What you have to do: Of the records that follow, copy only the lines from the line containing "Nazan Şoray Dünyanın" to the line containing "Abbigliamento Uomo T-shirt", both included, exactly as written.

Material for the task:
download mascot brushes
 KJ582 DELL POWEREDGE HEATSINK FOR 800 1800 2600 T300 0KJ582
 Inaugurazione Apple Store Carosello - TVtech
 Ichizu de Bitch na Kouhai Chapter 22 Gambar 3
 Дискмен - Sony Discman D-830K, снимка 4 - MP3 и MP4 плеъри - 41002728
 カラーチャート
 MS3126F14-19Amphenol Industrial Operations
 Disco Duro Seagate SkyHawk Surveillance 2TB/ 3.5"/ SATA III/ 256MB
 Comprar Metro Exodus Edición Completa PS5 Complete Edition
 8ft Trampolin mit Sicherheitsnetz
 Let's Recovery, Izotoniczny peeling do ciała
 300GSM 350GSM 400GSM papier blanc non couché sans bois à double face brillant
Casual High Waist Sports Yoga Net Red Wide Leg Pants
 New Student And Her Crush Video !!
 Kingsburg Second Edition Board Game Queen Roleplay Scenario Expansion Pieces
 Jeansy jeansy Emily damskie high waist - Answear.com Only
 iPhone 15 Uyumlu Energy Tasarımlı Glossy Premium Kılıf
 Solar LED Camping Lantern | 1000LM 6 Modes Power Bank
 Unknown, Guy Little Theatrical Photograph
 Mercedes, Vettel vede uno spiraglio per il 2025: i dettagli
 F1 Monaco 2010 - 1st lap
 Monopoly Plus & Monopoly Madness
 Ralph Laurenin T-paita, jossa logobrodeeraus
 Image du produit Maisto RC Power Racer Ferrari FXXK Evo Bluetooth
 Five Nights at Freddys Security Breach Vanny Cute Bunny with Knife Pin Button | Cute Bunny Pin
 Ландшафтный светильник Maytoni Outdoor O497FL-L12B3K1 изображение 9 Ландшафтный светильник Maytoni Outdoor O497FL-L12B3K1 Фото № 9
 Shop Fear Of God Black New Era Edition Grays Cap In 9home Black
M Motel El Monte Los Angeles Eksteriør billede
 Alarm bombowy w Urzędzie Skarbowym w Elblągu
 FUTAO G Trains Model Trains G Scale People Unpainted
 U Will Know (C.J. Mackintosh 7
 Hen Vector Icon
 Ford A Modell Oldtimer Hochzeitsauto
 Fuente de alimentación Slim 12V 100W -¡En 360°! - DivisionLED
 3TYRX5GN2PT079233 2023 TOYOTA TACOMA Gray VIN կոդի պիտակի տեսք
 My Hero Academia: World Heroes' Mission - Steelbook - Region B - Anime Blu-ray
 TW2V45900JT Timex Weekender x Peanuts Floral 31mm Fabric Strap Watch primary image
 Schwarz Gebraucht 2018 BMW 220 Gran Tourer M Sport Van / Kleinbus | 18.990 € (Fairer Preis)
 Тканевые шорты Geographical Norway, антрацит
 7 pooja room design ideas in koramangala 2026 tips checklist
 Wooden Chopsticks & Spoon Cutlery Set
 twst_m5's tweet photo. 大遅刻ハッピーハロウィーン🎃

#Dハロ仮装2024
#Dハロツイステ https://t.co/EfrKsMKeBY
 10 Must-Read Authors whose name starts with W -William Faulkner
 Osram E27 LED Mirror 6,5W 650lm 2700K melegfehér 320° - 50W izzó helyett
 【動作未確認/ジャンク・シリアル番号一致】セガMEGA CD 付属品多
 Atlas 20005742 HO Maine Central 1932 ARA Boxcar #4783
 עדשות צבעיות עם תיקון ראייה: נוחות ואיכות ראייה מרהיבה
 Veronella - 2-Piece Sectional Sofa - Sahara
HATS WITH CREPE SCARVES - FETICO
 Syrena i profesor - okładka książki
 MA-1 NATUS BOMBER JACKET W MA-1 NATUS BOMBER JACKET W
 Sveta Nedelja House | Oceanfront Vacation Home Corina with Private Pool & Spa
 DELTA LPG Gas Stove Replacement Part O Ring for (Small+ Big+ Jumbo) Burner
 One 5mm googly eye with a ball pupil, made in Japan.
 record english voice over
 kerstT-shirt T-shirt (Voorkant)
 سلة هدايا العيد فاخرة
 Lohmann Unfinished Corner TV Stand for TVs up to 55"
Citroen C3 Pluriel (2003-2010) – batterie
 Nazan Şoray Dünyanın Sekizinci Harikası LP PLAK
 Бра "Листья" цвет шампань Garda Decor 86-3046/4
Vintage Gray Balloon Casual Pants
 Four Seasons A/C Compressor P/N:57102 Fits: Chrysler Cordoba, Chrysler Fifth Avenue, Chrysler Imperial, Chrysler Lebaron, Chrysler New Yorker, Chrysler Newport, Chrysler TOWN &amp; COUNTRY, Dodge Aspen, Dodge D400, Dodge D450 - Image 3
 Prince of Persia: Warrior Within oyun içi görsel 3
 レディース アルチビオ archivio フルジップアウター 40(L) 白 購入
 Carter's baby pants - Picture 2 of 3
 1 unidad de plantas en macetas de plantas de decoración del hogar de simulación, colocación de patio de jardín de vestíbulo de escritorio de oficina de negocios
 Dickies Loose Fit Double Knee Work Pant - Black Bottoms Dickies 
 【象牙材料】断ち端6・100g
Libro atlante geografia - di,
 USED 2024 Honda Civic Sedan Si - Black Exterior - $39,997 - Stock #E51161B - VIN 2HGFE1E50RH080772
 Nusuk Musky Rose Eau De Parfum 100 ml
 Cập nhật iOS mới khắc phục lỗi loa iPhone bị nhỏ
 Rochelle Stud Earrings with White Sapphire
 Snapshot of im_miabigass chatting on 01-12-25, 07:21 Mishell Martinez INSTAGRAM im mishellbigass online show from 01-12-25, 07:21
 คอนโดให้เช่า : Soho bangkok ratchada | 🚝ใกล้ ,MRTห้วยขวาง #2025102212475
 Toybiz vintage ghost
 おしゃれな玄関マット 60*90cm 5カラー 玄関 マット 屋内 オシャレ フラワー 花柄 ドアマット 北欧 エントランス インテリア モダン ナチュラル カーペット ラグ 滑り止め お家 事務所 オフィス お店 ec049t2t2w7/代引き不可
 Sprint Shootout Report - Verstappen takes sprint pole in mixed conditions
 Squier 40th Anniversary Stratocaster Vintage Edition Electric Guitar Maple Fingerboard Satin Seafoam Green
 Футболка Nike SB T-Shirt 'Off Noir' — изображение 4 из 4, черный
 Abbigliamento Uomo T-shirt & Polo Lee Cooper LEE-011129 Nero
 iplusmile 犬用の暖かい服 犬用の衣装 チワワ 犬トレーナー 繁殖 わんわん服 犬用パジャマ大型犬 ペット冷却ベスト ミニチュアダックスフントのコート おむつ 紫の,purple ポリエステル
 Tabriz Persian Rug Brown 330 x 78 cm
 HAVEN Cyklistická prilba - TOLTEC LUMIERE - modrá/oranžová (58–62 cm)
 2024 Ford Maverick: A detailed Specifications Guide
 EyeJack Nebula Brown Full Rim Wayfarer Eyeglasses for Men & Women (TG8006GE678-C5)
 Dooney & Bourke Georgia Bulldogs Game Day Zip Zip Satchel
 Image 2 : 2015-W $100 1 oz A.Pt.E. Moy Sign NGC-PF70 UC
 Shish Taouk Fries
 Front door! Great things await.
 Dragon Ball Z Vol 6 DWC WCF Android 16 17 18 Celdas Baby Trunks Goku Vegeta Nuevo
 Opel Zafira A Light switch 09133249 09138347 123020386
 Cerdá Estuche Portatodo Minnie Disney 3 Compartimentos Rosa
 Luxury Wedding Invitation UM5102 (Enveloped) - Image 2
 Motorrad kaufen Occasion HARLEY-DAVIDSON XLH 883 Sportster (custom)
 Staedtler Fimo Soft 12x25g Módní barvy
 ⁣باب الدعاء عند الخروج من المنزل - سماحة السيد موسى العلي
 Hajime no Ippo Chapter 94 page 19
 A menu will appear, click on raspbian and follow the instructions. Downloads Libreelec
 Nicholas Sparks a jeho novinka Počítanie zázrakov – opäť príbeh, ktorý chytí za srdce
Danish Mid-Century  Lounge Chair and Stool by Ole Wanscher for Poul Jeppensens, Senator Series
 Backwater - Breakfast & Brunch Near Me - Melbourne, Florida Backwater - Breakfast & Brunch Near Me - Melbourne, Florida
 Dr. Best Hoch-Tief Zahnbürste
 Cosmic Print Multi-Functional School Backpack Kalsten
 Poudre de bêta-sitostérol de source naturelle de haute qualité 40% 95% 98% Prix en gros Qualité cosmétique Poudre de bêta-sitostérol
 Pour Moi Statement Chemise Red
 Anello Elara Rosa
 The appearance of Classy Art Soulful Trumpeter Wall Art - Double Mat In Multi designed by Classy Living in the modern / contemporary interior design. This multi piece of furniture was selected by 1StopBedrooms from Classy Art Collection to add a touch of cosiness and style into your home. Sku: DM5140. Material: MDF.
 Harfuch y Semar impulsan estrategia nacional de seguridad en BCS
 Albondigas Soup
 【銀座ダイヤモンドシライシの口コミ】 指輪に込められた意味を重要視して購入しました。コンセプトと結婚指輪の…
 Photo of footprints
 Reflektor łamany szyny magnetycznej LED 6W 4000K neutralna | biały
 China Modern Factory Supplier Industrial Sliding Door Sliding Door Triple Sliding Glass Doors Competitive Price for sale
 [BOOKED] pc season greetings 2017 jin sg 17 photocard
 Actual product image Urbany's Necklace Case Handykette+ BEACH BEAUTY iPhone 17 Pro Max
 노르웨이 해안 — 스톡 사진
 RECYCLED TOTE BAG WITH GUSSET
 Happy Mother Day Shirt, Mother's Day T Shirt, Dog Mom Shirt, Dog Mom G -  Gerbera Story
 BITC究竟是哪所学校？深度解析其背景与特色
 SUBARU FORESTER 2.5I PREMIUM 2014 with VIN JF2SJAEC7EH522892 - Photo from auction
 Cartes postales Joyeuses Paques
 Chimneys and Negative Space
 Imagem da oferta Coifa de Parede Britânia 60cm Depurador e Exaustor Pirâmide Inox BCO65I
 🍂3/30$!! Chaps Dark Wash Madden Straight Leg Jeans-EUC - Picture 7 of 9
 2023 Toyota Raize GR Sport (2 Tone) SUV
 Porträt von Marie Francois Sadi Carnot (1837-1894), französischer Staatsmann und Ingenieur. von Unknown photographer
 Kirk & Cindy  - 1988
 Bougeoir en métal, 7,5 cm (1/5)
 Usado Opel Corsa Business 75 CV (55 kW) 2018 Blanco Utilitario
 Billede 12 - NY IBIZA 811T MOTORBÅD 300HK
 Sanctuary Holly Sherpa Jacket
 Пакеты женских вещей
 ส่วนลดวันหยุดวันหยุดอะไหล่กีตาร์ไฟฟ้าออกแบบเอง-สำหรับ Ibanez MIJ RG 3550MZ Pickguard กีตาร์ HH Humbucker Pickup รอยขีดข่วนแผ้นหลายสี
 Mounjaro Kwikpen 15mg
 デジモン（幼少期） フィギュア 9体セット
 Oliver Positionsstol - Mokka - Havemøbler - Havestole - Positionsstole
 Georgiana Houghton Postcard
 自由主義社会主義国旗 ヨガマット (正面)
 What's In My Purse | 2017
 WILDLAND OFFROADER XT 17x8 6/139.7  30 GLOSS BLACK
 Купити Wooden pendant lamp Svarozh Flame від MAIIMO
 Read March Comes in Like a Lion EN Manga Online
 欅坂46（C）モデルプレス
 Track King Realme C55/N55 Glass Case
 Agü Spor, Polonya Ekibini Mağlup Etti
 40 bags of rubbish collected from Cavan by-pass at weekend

Response to this task:
 Nazan Şoray Dünyanın Sekizinci Harikası LP PLAK
 Бра "Листья" цвет шампань Garda Decor 86-3046/4
Vintage Gray Balloon Casual Pants
 Four Seasons A/C Compressor P/N:57102 Fits: Chrysler Cordoba, Chrysler Fifth Avenue, Chrysler Imperial, Chrysler Lebaron, Chrysler New Yorker, Chrysler Newport, Chrysler TOWN &amp; COUNTRY, Dodge Aspen, Dodge D400, Dodge D450 - Image 3
 Prince of Persia: Warrior Within oyun içi görsel 3
 レディース アルチビオ archivio フルジップアウター 40(L) 白 購入
 Carter's baby pants - Picture 2 of 3
 1 unidad de plantas en macetas de plantas de decoración del hogar de simulación, colocación de patio de jardín de vestíbulo de escritorio de oficina de negocios
 Dickies Loose Fit Double Knee Work Pant - Black Bottoms Dickies 
 【象牙材料】断ち端6・100g
Libro atlante geografia - di,
 USED 2024 Honda Civic Sedan Si - Black Exterior - $39,997 - Stock #E51161B - VIN 2HGFE1E50RH080772
 Nusuk Musky Rose Eau De Parfum 100 ml
 Cập nhật iOS mới khắc phục lỗi loa iPhone bị nhỏ
 Rochelle Stud Earrings with White Sapphire
 Snapshot of im_miabigass chatting on 01-12-25, 07:21 Mishell Martinez INSTAGRAM im mishellbigass online show from 01-12-25, 07:21
 คอนโดให้เช่า : Soho bangkok ratchada | 🚝ใกล้ ,MRTห้วยขวาง #2025102212475
 Toybiz vintage ghost
 おしゃれな玄関マット 60*90cm 5カラー 玄関 マット 屋内 オシャレ フラワー 花柄 ドアマット 北欧 エントランス インテリア モダン ナチュラル カーペット ラグ 滑り止め お家 事務所 オフィス お店 ec049t2t2w7/代引き不可
 Sprint Shootout Report - Verstappen takes sprint pole in mixed conditions
 Squier 40th Anniversary Stratocaster Vintage Edition Electric Guitar Maple Fingerboard Satin Seafoam Green
 Футболка Nike SB T-Shirt 'Off Noir' — изображение 4 из 4, черный
 Abbigliamento Uomo T-shirt & Polo Lee Cooper LEE-011129 Nero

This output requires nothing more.